The forward purchase agreement also provides that the forward purchasers may elect to purchase up to an additional aggregate of $2,000,000,000 of units (which we refer to as the “additional forward purchase units”), which will also have a purchase price of $20.00 and consist of one share of Class A common stock andone-third of one warrant. Any elections to purchase the up to 100,000,000 additional forward purchase units will also take place in one or more private placements, in such amounts and at such time or times as the forward purchasers determine, but no later than simultaneously with the closing of our initial business combination. We and the forward purchasers may determine, by mutual agreement, to increase the number of additional forward purchase units at any time prior to our initial business combination. The forward purchasers’ right to purchase the additional forward purchase units may be transferred, in whole or in part, to any entity that is managed by PSCM, but not to third parties. The forward purchasers’ obligation or right, as applicable, to purchase the forward purchase units will be allocated among the forward purchasers from time to time as described herein. The proceeds of all purchases made pursuant to the forward purchase agreement will be deposited into our operating account.

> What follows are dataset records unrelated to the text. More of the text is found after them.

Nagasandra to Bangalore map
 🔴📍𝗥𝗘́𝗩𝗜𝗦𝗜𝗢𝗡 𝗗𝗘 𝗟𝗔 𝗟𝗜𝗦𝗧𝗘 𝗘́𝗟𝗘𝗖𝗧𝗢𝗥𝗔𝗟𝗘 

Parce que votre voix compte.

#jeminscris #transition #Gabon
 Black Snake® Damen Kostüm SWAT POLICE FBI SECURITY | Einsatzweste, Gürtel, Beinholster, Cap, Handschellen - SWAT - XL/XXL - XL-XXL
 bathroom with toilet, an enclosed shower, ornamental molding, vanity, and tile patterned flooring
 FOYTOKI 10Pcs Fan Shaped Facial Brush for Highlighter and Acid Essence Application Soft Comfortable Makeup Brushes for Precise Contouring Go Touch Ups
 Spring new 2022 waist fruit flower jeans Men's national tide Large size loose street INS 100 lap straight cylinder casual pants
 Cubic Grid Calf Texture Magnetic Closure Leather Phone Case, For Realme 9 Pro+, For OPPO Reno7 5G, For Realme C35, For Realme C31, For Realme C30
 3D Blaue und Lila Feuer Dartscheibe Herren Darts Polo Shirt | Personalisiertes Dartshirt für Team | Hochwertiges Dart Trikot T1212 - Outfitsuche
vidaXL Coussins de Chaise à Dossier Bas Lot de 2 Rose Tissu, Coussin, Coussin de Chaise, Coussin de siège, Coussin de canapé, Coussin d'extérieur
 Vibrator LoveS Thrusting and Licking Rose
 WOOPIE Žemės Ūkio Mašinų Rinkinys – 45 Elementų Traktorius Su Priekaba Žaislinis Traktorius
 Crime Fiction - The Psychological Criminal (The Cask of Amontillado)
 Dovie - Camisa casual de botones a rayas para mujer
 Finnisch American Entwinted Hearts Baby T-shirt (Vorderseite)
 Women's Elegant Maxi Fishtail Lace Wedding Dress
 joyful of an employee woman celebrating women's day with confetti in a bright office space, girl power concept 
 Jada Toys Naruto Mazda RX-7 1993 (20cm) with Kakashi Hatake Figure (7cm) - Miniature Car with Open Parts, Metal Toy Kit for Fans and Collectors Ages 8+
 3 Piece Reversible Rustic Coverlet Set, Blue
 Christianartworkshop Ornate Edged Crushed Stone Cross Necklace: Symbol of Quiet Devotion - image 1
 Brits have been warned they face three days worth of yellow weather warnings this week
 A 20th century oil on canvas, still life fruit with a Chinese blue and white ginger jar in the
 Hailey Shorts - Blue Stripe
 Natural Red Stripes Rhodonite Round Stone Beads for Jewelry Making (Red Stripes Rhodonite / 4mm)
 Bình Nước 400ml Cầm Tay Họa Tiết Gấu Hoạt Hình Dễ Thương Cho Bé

We refer to the committed forward purchase units and the additional forward purchase units collectively as the “forward purchase units.” We refer to the shares of Class A common stock and warrants constituting the forward purchase units as the “forward purchase shares” and “forward purchase warrants,” respectively, and collectively with the shares of Class A common stock underlying the forward purchase warrants, the “forward purchase securities.” The forward purchase shares will have no right to receive any distributable Tontine redeemable warrants, no redemption rights in connection with our initial business combination or in connection with certain amendments to our amended and restated certificate of incorporation and will have no rights to liquidating distributions from our trust account in the event we fail to complete our initial business combination within the prescribed time frame. The forward purchase securities, as long as they are held by the forward purchasers or their permitted transferees, will have certain transfer restrictions and registration rights. In all other respects, the terms of the forward purchase shares and forward purchase warrants, respectively, will be identical to the terms of the shares of Class A common stock and the redeemable warrants included in the units being issued in this offering.